### [Problem to solve]
Every line of the following records that includes "Female" should be copied.

### [Short web captions]
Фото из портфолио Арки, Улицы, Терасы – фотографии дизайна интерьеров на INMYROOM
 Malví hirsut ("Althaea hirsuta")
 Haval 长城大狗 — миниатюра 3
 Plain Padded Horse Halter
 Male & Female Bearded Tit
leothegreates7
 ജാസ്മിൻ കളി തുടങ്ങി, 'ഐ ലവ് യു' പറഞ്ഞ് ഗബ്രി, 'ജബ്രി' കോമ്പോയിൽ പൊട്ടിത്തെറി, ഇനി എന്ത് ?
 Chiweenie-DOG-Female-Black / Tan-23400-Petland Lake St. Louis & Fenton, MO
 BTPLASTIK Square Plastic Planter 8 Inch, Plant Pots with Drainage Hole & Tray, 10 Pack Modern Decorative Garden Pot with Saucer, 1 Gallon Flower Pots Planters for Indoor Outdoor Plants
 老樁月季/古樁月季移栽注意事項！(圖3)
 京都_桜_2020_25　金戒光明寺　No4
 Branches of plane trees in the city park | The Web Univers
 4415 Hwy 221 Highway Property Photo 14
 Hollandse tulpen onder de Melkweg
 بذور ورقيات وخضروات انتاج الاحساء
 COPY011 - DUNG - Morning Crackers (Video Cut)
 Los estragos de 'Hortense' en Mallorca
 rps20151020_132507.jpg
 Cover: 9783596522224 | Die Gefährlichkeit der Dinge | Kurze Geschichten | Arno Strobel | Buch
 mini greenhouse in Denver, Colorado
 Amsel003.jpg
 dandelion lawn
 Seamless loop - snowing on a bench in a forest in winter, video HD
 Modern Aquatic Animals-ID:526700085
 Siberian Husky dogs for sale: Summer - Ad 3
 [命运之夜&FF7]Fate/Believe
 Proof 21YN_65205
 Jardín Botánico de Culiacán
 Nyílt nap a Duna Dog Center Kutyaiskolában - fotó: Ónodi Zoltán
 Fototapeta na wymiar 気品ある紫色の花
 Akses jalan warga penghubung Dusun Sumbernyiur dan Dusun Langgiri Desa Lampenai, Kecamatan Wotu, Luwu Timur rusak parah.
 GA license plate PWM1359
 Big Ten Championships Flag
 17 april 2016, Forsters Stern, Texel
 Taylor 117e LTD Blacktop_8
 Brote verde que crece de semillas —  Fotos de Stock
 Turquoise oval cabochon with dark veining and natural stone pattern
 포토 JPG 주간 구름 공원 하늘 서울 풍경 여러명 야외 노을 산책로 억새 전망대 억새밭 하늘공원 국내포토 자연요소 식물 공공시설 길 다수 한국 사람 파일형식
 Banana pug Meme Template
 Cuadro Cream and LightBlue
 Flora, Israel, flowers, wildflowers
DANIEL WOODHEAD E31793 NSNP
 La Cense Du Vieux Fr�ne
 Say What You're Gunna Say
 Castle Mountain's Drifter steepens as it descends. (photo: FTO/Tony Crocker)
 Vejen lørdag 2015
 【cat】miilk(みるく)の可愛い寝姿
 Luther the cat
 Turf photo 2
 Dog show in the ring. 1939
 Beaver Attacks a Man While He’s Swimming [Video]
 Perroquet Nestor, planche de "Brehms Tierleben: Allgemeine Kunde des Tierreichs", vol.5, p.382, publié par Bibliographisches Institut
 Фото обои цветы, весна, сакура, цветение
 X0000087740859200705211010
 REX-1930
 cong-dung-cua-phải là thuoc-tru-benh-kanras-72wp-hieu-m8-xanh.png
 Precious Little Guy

### [Answer area]
 Male & Female Bearded Tit
 Chiweenie-DOG-Female-Black / Tan-23400-Petland Lake St. Louis & Fenton, MO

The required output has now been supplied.